Sabahlar yine kör karanlık. Kış geldi. Yataktan kalkar kalkmaz üzerine ince bir şeyler alma vakti. Işıkları yakmasan olmaz, öyle karanlık ki, göz gözü görmüyor. Yalnızsın çünkü. Sessizlik öyle derin ki, uyanmadın bile sanabilirsin. Tek başınalık, fena birşey. İçinde bir ritmle uyanıyorsun, kafanda sözlerini bilmediğin bir şarkı eşlik ediyor sana. Aynadaki aksine günaydın diyorsun, başka kime ne diyebileceksin ki, tut ki dedin, cevap gelir mi sanırsın. Duş alırken bile aklında akıp gidiyor şarkı, vaktin var, öyle erken kalkmışsın ki, e kapına dizilen de yok, hadi hadi diye. Yıka yalnızlığını yıkayabildiğin kadar. Duştan çıkarken hâlâ kıpır kıpırsın. Sessizlik ıssız bir çölde yürüyen adımlarını büyütüyor. Giyinme odasına geldiğinde açılan dolap kapılarıyla selamlıyorsun üzerine giyeceğin bir kat daha yalnızlığını.
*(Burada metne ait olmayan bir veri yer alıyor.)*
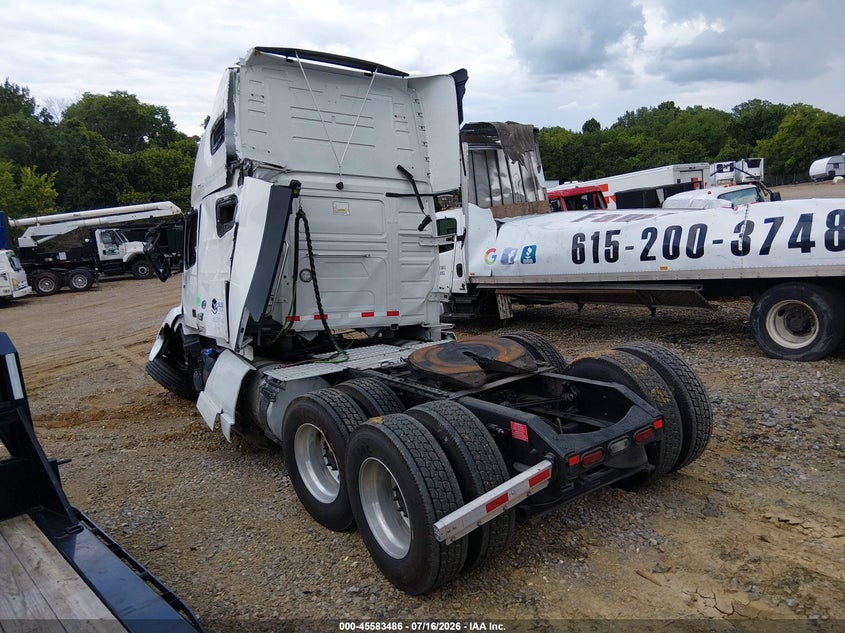 2023 Volvo VIN 4V4NC9EH0PN621241 IAAI salvage auction — LEFT & RIGHT, Salvage (Tennessee), sold $7,975 on 2026-09-03 (photo 3)
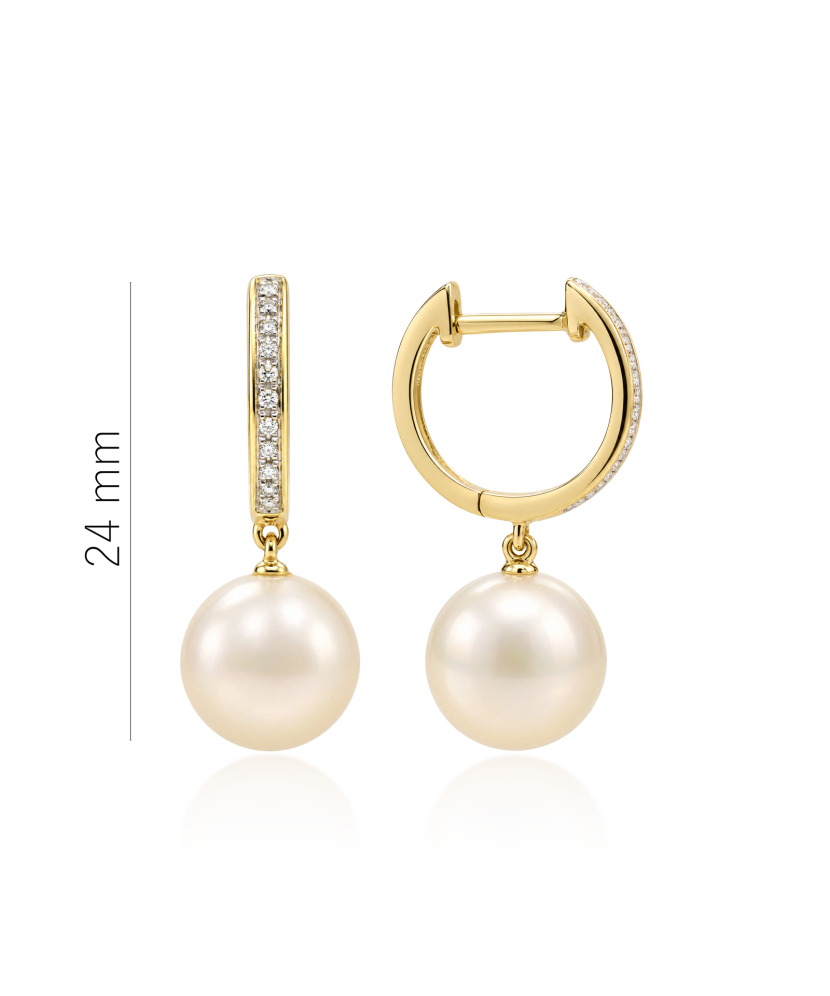 Yellow gold earrings with diamonds and pearls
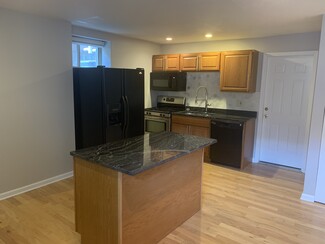 5931 Walnut St, Pittsburgh, PA 15232
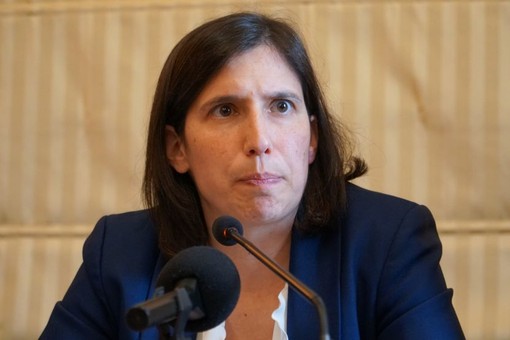 Schlein a Meloni “Facciamo una legge insieme sul femminicidio”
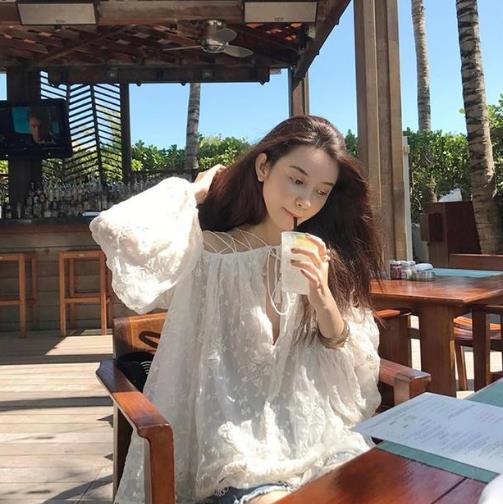 背心裙搭配镂空蕾丝长袖打底衫：简洁又大方（图）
Hayat herşeye rağmen güzel. Sadece sana ait bir sessizliğin koridorlarında yürümek de öyle. Saat ilerlese de karanlık durduğu yerde duruyor inatla, yalnızlığın da... Mutfağa girip bir kahve hazırlamak için uzanıyorsun ısıtıcıya. Mutfak her odadan daha soğuk sanki, kahvaltı etmek falan gelmiyor içinden. Bir kahve yeter de artar tek başınalığına. Eve dönüp şöyle bir bakıyorsun geride bıraktığına, koca boşluğa hoşçakal diyorsun kapıdan çıkarken, kendine iyi bak ben dönünceye kadar diyorsun arasıra. Kalabalığına karışacağın sokağa çıkarken, akşam dönüşünü düşünmüyorsun. Evi kendi haline bırakıp çıkıyorsun yanına bir tek kendini alıyorsun.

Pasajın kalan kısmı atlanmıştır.